The Book of Mormon as History: Assassination and Reconquest

The Book of Helaman has a cycle of assasination and invadion, not seen anywhere else in the Book of Mormon. After a reconquest of lands and cities, in the Book of Alma, Pahoran dies and his son, Pahoran II is chosen to fill the judgement seat.

Paanchi, and his supporters, are upset by the fact Pahoran II is governor and not Pannchi, so they lead a near rebellion but Paanchi is killed before this can happen. Why the attempt at rebellion? Why the dismay with Pahoran II's enthronement? Pahoran II is then assasinated by Paanchi's supporters. His successor isn't assasinated but instead has to deal with a Mulekite led-Lamanite invasion, which succeeds in putting the Nephite capital into Lamanite control.

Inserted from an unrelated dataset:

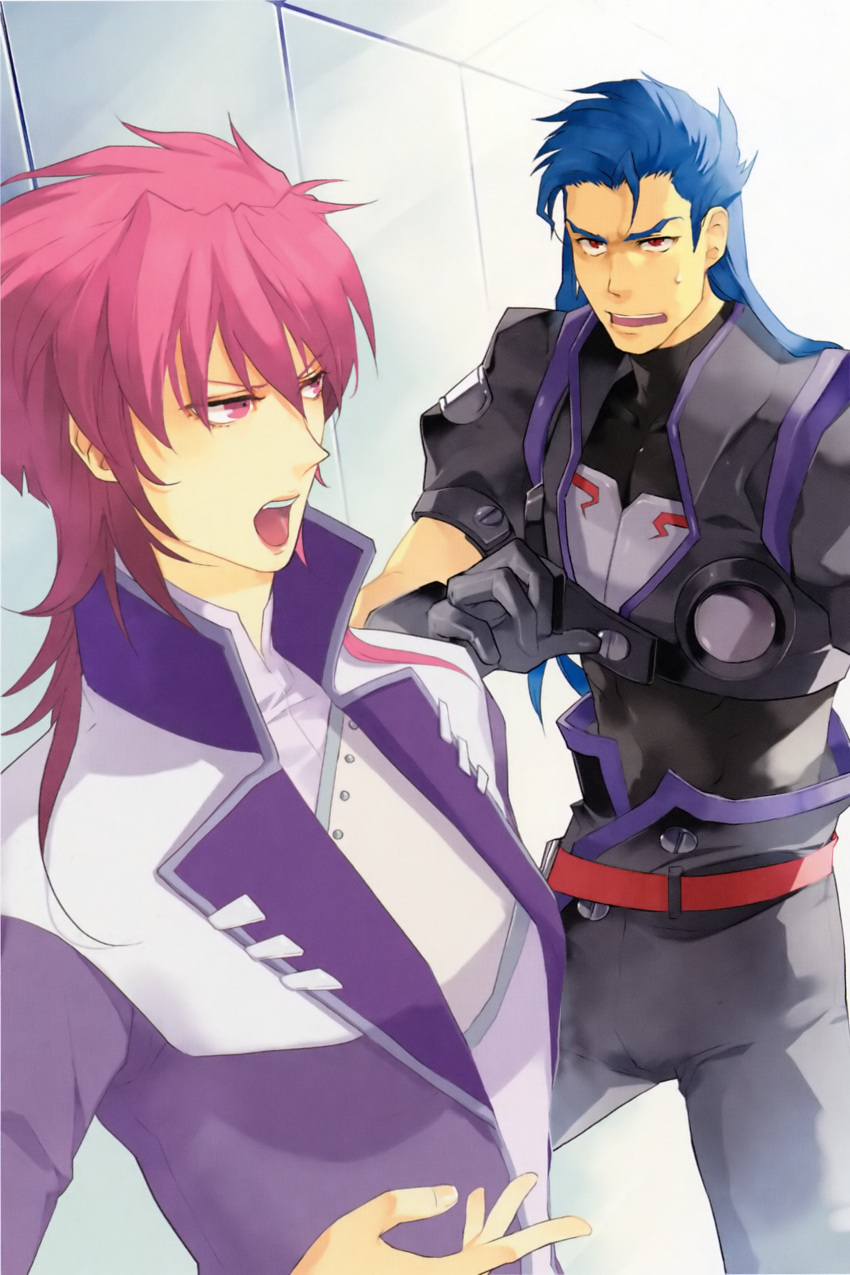 belt, blue_hair, gloves, highres, irm_kazahara, irmgult_kazahara, long_hair, mullet, purple_eyes, purple_hair, red_eyes, ring_mao, super_robot_wars, super_robot_wars_original_generation, violet_eyes, yuikawa_kazuno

This is followed by another Nephitd reconquest and the next chief judge has to deal with another (attempted) assasination. His successor doesn't have to deal with assasins either but he does have to deal with yet another, Nephite led-Lamanite invasion, which is succesful in putting most Nephite territory back into Lamanite control. 

Again, the Nephites reconquer their lands and the next chief judge is assasinated. After an immediate assasination of yet another chief judge, the cycle stops when God intervenes with famine. 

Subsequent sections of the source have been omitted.